Please retype the records below exactly, leaving out any pictures.

(Collection entries)
/---

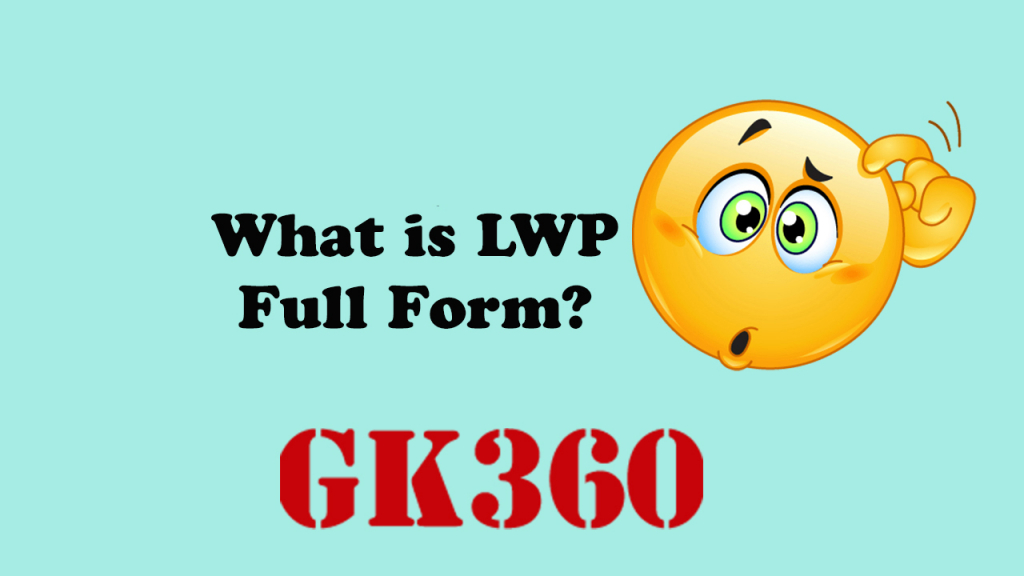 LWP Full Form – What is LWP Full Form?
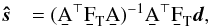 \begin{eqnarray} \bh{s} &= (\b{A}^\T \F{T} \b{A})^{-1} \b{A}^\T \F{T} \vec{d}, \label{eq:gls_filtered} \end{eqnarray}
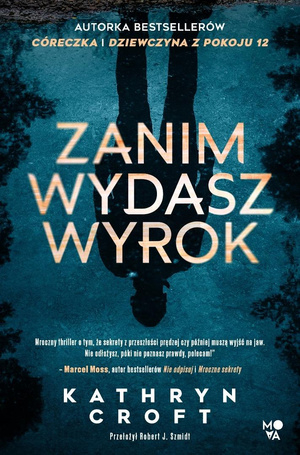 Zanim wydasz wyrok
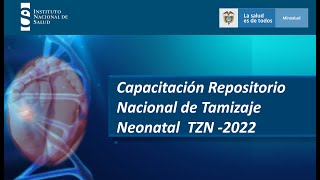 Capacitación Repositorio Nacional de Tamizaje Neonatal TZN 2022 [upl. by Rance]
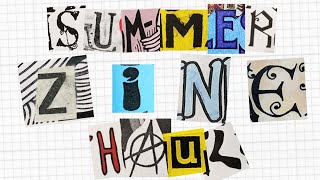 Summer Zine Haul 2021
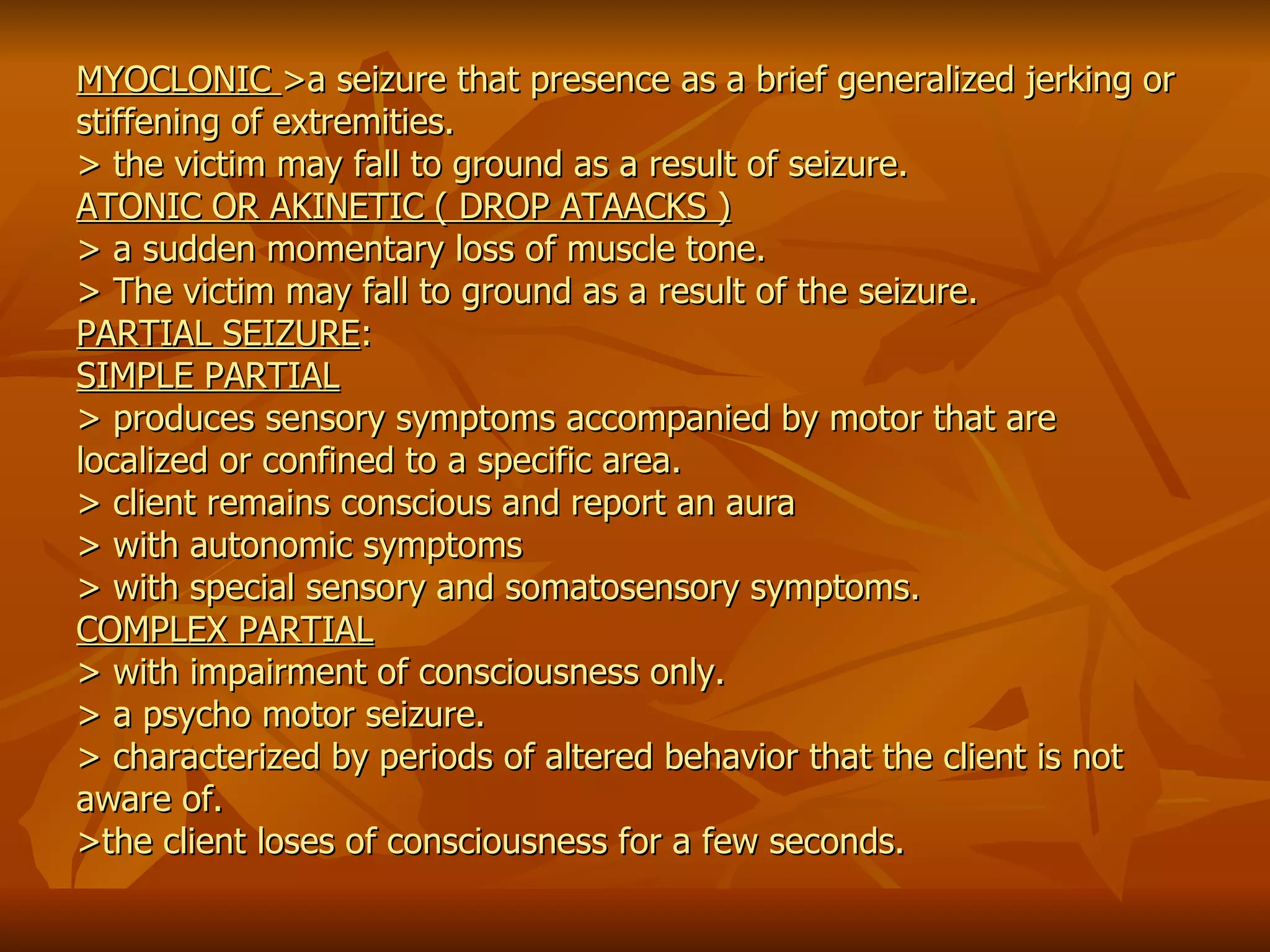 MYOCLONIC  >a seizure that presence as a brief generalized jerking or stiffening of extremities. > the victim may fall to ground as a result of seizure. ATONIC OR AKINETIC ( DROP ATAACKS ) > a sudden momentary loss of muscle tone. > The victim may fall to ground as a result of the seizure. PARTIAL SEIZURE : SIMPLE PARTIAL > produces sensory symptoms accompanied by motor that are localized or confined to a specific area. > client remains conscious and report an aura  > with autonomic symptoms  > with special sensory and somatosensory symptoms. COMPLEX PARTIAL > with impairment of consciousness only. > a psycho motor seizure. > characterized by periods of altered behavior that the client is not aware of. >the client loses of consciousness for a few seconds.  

\---

Expected answer ::
 LWP Full Form – What is LWP Full Form?
 \begin{eqnarray} \bh{s} &= (\b{A}^\T \F{T} \b{A})^{-1} \b{A}^\T \F{T} \vec{d}, \label{eq:gls_filtered} \end{eqnarray}
 Zanim wydasz wyrok
 Capacitación Repositorio Nacional de Tamizaje Neonatal TZN 2022 [upl. by Rance]
 Summer Zine Haul 2021
 MYOCLONIC  >a seizure that presence as a brief generalized jerking or stiffening of extremities. > the victim may fall to ground as a result of seizure. ATONIC OR AKINETIC ( DROP ATAACKS ) > a sudden momentary loss of muscle tone. > The victim may fall to ground as a result of the seizure. PARTIAL SEIZURE : SIMPLE PARTIAL > produces sensory symptoms accompanied by motor that are localized or confined to a specific area. > client remains conscious and report an aura  > with autonomic symptoms  > with special sensory and somatosensory symptoms. COMPLEX PARTIAL > with impairment of consciousness only. > a psycho motor seizure. > characterized by periods of altered behavior that the client is not aware of. >the client loses of consciousness for a few seconds.  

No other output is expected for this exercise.